– А дальше? – спросила Марина.

– Что «дальше»? Революция. Деда, естественно, арестовали. Но вот тут началось самое интересное. – Робер по привычке сделал многозначительную театральную паузу. – Комиссар, который вызвал его на допрос, оказался одним из тех его студентов-квартирантов. Благодарным человеком оказался. Узнал деда, помог ему выправить документы и вместе с семьей отправиться из России в Румынию. Вот так мамина семья оказалась в Европе…

В этот момент дверь в комнату внезапно распахнулась и заглянула сестра.

– О, а наши голубки, оказывается, здесь уединились и воркуют себе…

Марина обернулась к сестре и досадливо махнула рукой: «Элен!» А Робер покраснел.

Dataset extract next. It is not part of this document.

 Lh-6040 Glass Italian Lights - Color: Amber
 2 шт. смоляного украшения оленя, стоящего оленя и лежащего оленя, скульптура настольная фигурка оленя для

Позже он вспоминал: «Когда я впервые увидел Марину, она была совсем ребенком… Я хорошо знал ее старших сестер: уважал ум и такт Ольги… дружил с Элен Валье, играл в театре «Старая голубятня» вместе с Одиль Версуа… Одиль как-то пригласила меня в гости. Едва переступил порог, сразу обратил внимание на Марину, которой в ту пору было всего 11 лет. Но при этом талантливая девочка уже успела дебютировать в кино… Она была похожа на ангела! Золотые локоны, лучистые глаза, белоснежная кожа! Такая хрупкая, эмоциональная, нежная! Но какие могут быть взаимоотношения между взрослым мужчиной и ребенком?..»

Какое-то время они не виделись, пока Оссейн не зазвал Одиль вместе с сестрами в свой театр «Ренессанс» на спектакль «Веревка», в котором он был занят в главной роли. После представления девушки шумной стайкой впорхнули к нему в гримерку и засыпали комплиментами. Оссейн не отводил глаз от Марины – из «маленькой мышки» балеринки она уже превратилась в настоящую красавицу. «Я был на десять лет старше, но при ней робел и краснел, словно мальчишка», – сознавался Робер.

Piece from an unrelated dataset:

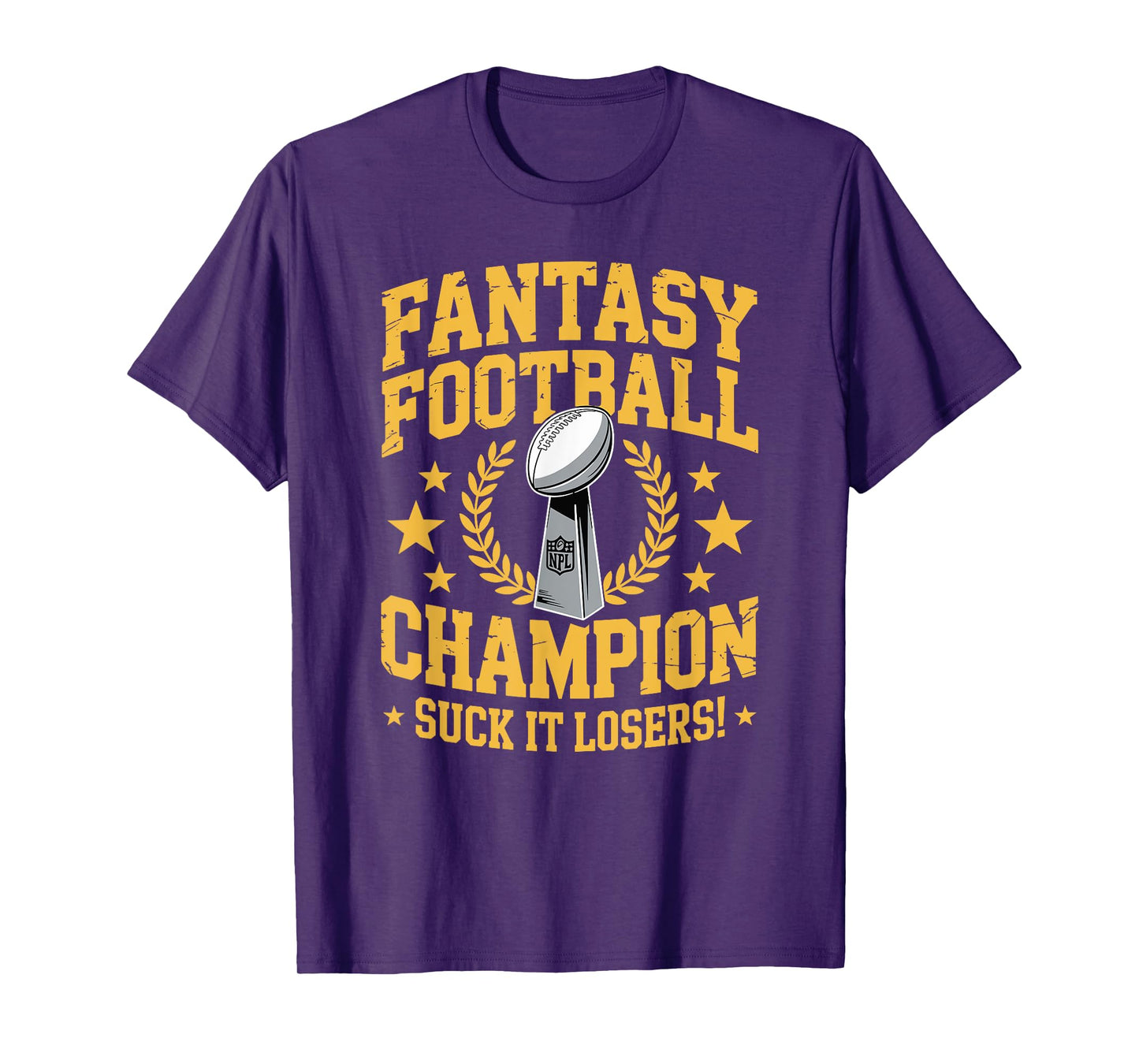 Fantasy Football Funny Champ Champion Draft 2025 T-Shirt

Когда сестры Поляковы удалились, актриса, работавшая с Оссейном в театре, внимательно посмотрела на него и напророчила: «А ты ведь, пожалуй, женишься на Марине». – «Да ты что, ей всего шестнадцать!» – «А вот увидишь», – усмехнулась проницательная вещунья.

– …и в Париже твоя матушка встретила твоего будущего папу, – прервала затянувшуюся паузу Марина.

– Ах да, – кивнул Робер, – только не в Париже, а в Германии. Перед войной отца, как успешного студента Московской консерватории, направили на стажировку в Штутгарт и Берлин. Вот там-то он и познакомился с Анной Миневской. А счастливым результатом этой встречи стал я. Представляешь, какой коктейль во мне намешан? Папа – иранец (ну, перс, как раньше принято было говорить), мама – еврейка…

– То-то я смотрю, у нас много общего, – хитро прищурилась Марина. – Моя мама – русская дворянка со шведскими корнями, папа – из украинских цыган. Кроме того, в нашем роду были еще и татары.

– Не сочиняй, обманщица! – погрозил ей пальцем Робер.

– А вот и нет, – кокетливо нахмурилась Марина. – Прабабушка моя, удивительной, рассказывали, красоты девушка, была дочерью влиятельного муллы.

– И теперь мы оба – французы, – заключил Робер, поднес к губам Маринину руку и нежно поцеловал.

– Я – русская…

– Папа был очень талантливым скрипачом и композитором, – с гордостью рассказывал Робер. – Когда он, Аминулла Гуссейнов, сын богатого торговца из Самарканда, приехал в Москву поступать в консерваторию, то принял православие и имя Андрей. Сочинял симфонии, балеты, писал музыку по сюжетам известных литературных произведений. Те же пушкинские «Цыгане», может, слышала? Там его музыка… Через несколько месяцев после знакомства родители отправились во Францию… Жили трудно…

– Судьба всех эмигрантов, – совсем по-взрослому вздохнула Марина.